Altri bambini non presentano una specifica caduta attentiva, ma manifestano una microattività motoria costante caratterizzata da una necessità fisica e fisiologica di muoversi e da un’impulsività che può essere sia cognitiva che comportamentale.

Possono, inoltre, essere presenti sintomi secondari, dovuti spesso al non riconoscimento del disturbo e ad una mancanza d’intervento adeguato. Si tratta principalmente di: deficit cognitivi relativi all’elaborazione dell’informazione, difficoltà scolastiche, scarsa motivazione. L’ADHD presenta alta comorbilità con i disturbi dell’apprendimento, e con il disturbo oppositivo e provocatorio.

DSA: cosa significa?

Durante i primi anni di scuola primaria, tanti bambini possono manifestare difficoltà scolastiche di diverso tipo, che possono causare uno scarso rendimento. Queste difficoltà potrebbero essere dovute a scarsa motivazione nei confronti della scuola, immaturità, deficit cognitivo, ambiente scolastico non adeguato, ambiente familiare svantaggiato a livello socio/economico, deficit sensoriale, difficoltà nell’automatizzazione degli apprendimenti. In tutti questi casi, per il bambino, e per i genitori, fare i compiti può diventare molto difficile e causare litigi e discussioni. Ma in quali situazioni è lecito ipotizzare la vera e propria presenza di un Disturbo Specifico dell’Apprendimento?

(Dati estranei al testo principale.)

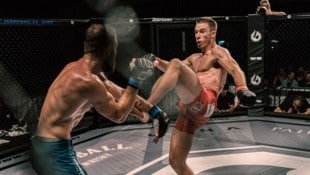 Innferno steht für heiße Fight-Action im Octagon.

I Disturbi Specifici dell’Apprendimento, comunemente chiamati DSA, sono disturbi che coinvolgono uno specifico dominio di abilità, lasciando intatto il funzionamento intellettivo generale ed interessando, quindi, le competenze strumentali degli apprendimenti scolastici.

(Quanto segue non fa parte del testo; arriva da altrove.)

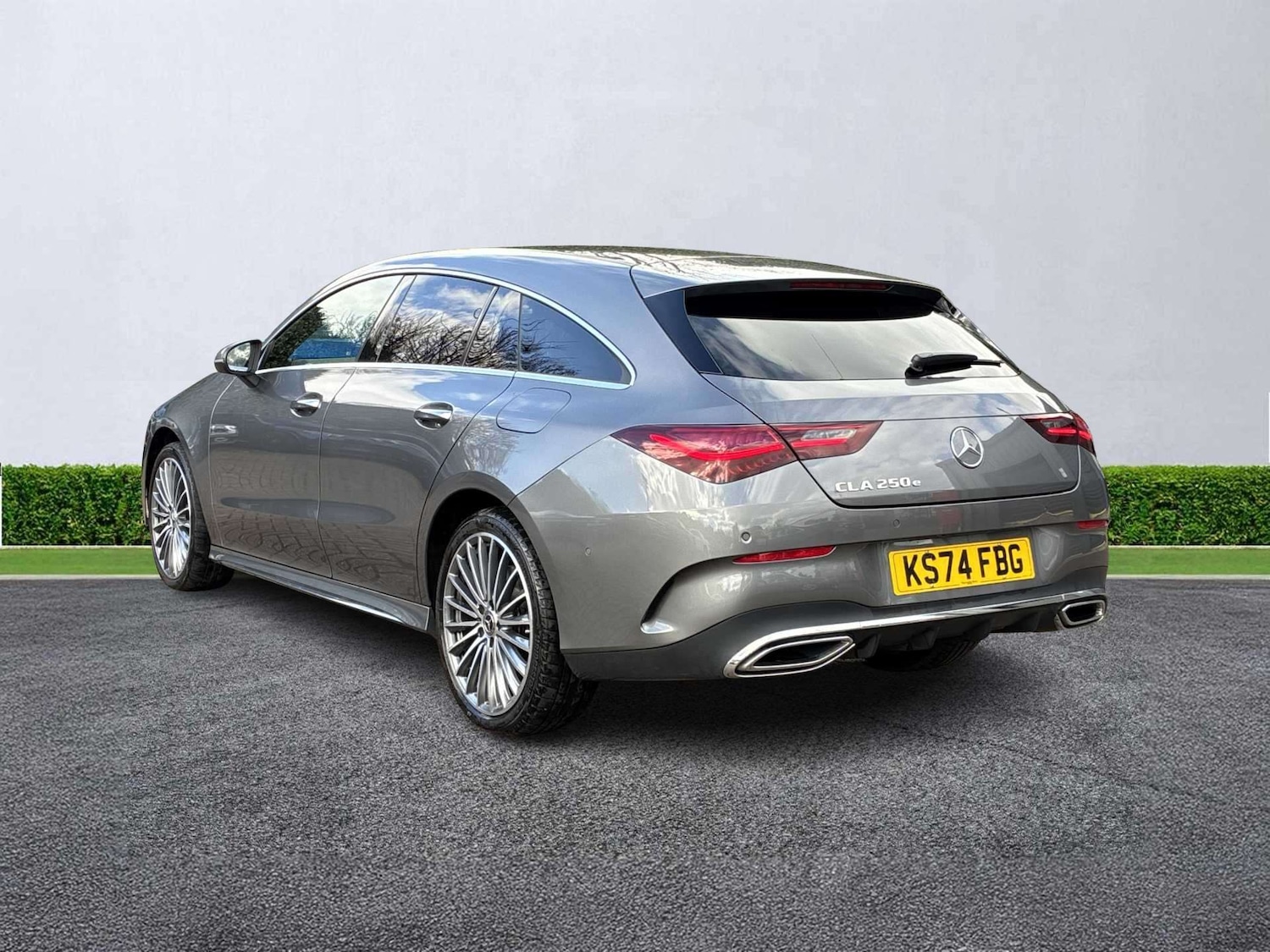 Used Mercedes-Benz CLA 2025 for sale - 78053499: Photo 2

Per poter fare una diagnosi di DSA, è necessario inizialmente escludere la presenza di:

  • Deficit Cognitivo: i bambini con DSA sono intelligenti!
  • Deficit Sensoriali: i bambini con DSA non hanno difficoltà a livello visivo e uditivo!
  • Svantaggio Socio-Culturale: i bambini con DSA hanno avuto un adeguato livello di istruzione scolastica!

I DSA sono quattro:

  • Dislessia: Disturbo Specifico della lettura, intesa come abilità di decodifica del testo;
  • Disortografia: Disturbo Specifico della scrittura, intesa come abilità di codifica fono-grafica e competenza ortografica;
  • Disgrafia: Disturbo Specifico nella grafia, intesa come abilità grafo-motoria;
  • Discalculia: Disturbo Specifico delle abilità di numero e di calcolo, intese come capacità di comprendere le quantità numeriche e di operare con i numeri.

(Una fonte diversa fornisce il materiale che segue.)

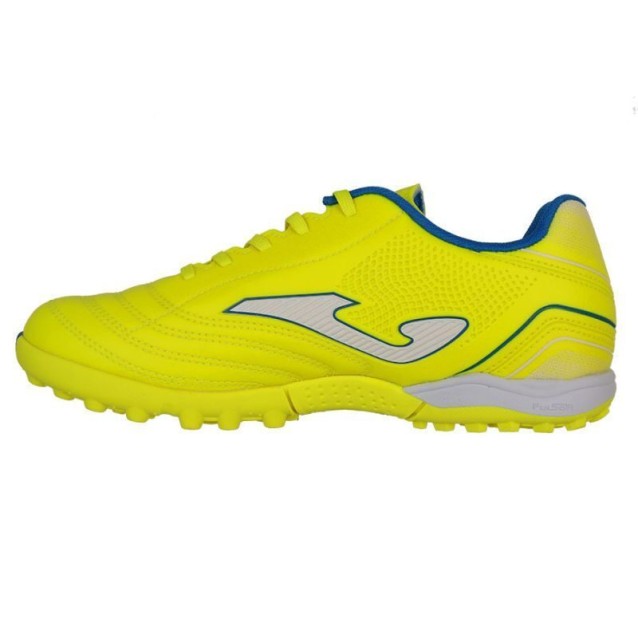 JOMA ΠΑΙΔΙΚΑ ΠΟΔΟΣΦΑΙΡΙΚΑ ΠΑΠΟΥΤΣΙΑ TOLEDO JR 2609 LIME TURF TOJW2609TF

Alla base dei Disturbi Specifici dell’Apprendimento, vi sono disfunzioni neurobiologiche di tipo genetico, le quali vanno ad interferire con il tradizionale processo di apprendimento della lettura, della scrittura e del calcolo. A queste caratteristiche si vanno poi ad aggiungere specifici fattori ambientali, tra cui la scuola, l’ambiente familiare e il contesto sociale, i quali si intrecciano con quelli neurobiologici e contribuiscono a determinare il modo in cui il Disturbo può manifestarsi e il successivo vissuto emotivo della persona con DSA.

In Italia, la percentuale di bambini con diagnosi di DSA si attesta intorno al 3/5% della popolazione in età scolare.